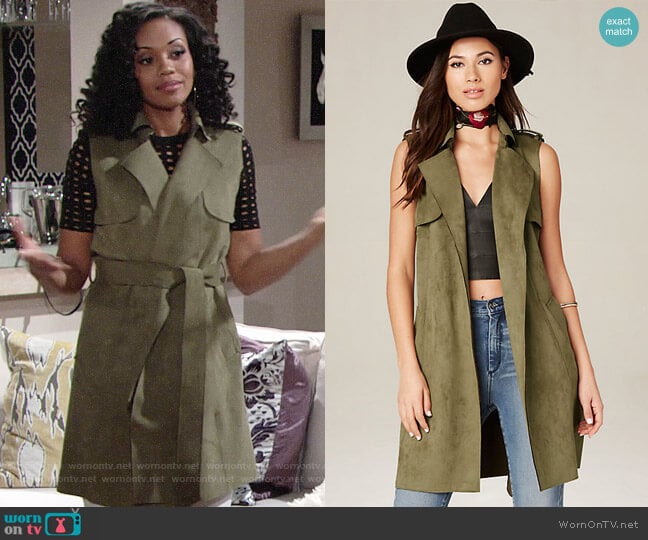 Bebe Faux Suede Trench Coat in Burnt Olive worn by Hilary Curtis (Mishael Morgan) on The Young and the Restless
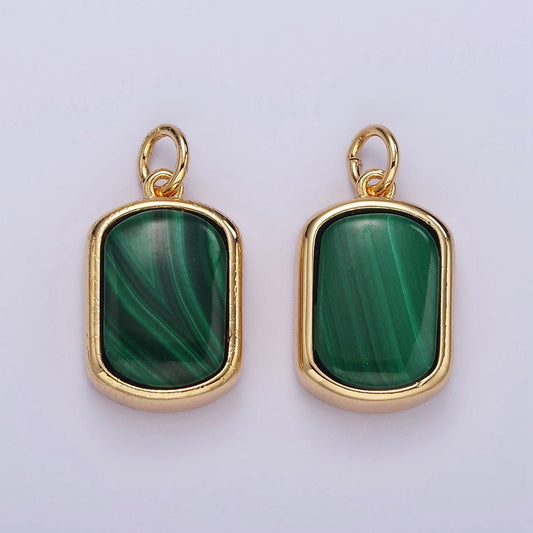 14k gold filled green malachite charm gold bezel tag small charm for bracelet necklace earring supply | ag-530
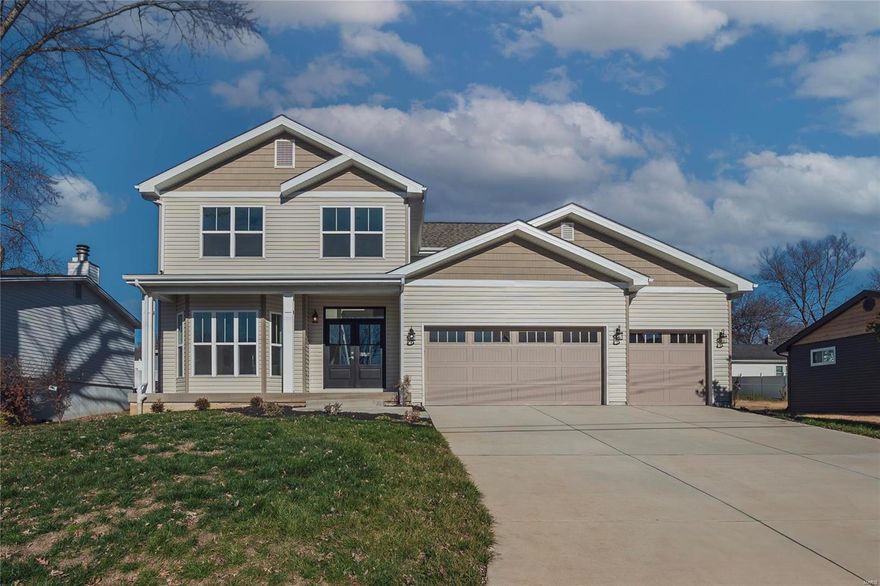 Beautiful, new construction home, located in highly desirable Ladue School district. This beautiful 5bd /3.5ba, 3-car garage home is airy & bright. Tons of natural light greets you upon entry. The open floor plan is perfect for entertaining. Kitchen boasts oversized center island, 42" custom cabinets, gas range, hood, & stainless steel appliances. Cozy up in the living next to the gas fireplace. Main level owners suite has separate jacuzzi tub & shower. You can enter the patio from both the living room & the owners suite. Such a great place for you to start or end your day. Upstairs you will find 4 great sized bedrooms with walk-in closets plus 2 full baths. Builder upgraded the trusses so there are no poles in the basement, it's completely open making design option endless. 90 gallon hot water tank & 2 sump pumps are just added bonuses. Seller providing a 1- year home warranty.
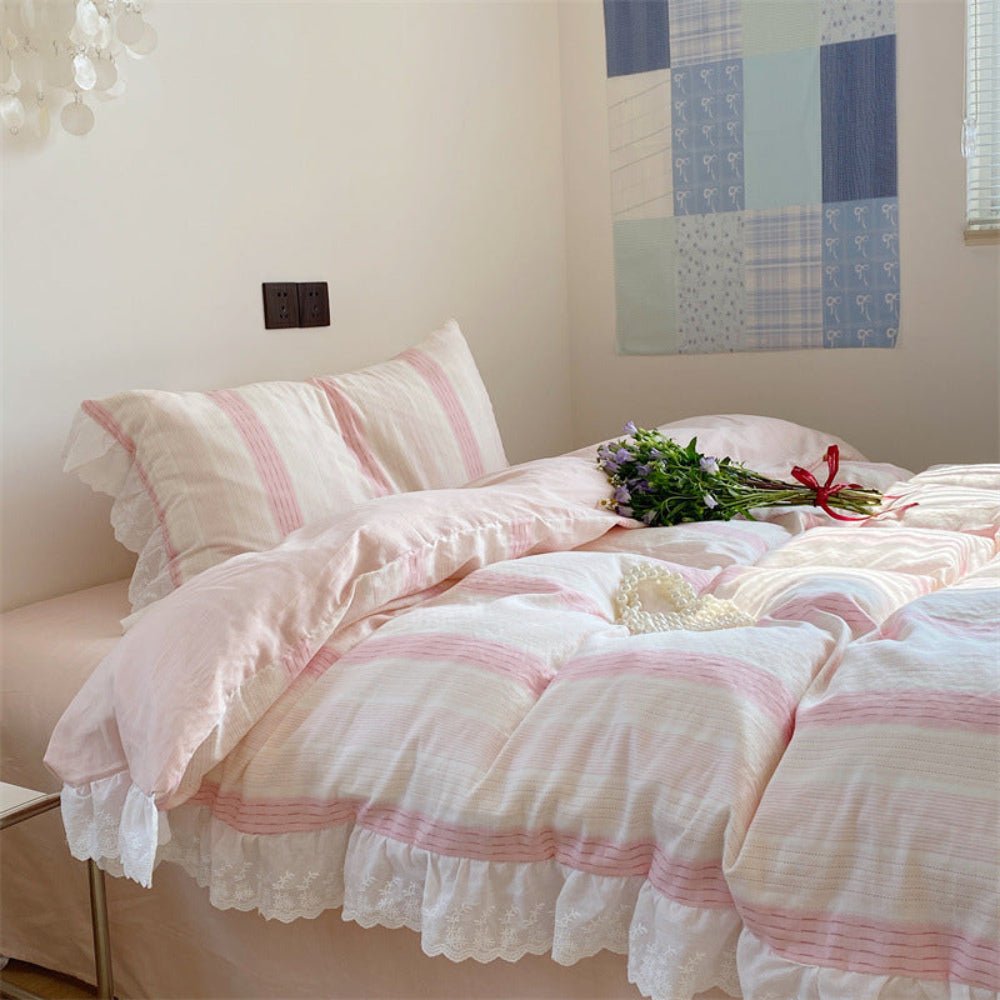 Cecilia Lace Ruffle Double Gauze Striped Bedding Set / Blue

-----

- _What the exercise asks_
After locating the line with "Beautiful, new construction" in the listing above, transcribe it and every line after it to the last, exactly, with no pictures.

- _Exercise solution_
 Beautiful, new construction home, located in highly desirable Ladue School district. This beautiful 5bd /3.5ba, 3-car garage home is airy & bright. Tons of natural light greets you upon entry. The open floor plan is perfect for entertaining. Kitchen boasts oversized center island, 42" custom cabinets, gas range, hood, & stainless steel appliances. Cozy up in the living next to the gas fireplace. Main level owners suite has separate jacuzzi tub & shower. You can enter the patio from both the living room & the owners suite. Such a great place for you to start or end your day. Upstairs you will find 4 great sized bedrooms with walk-in closets plus 2 full baths. Builder upgraded the trusses so there are no poles in the basement, it's completely open making design option endless. 90 gallon hot water tank & 2 sump pumps are just added bonuses. Seller providing a 1- year home warranty.
 Cecilia Lace Ruffle Double Gauze Striped Bedding Set / Blue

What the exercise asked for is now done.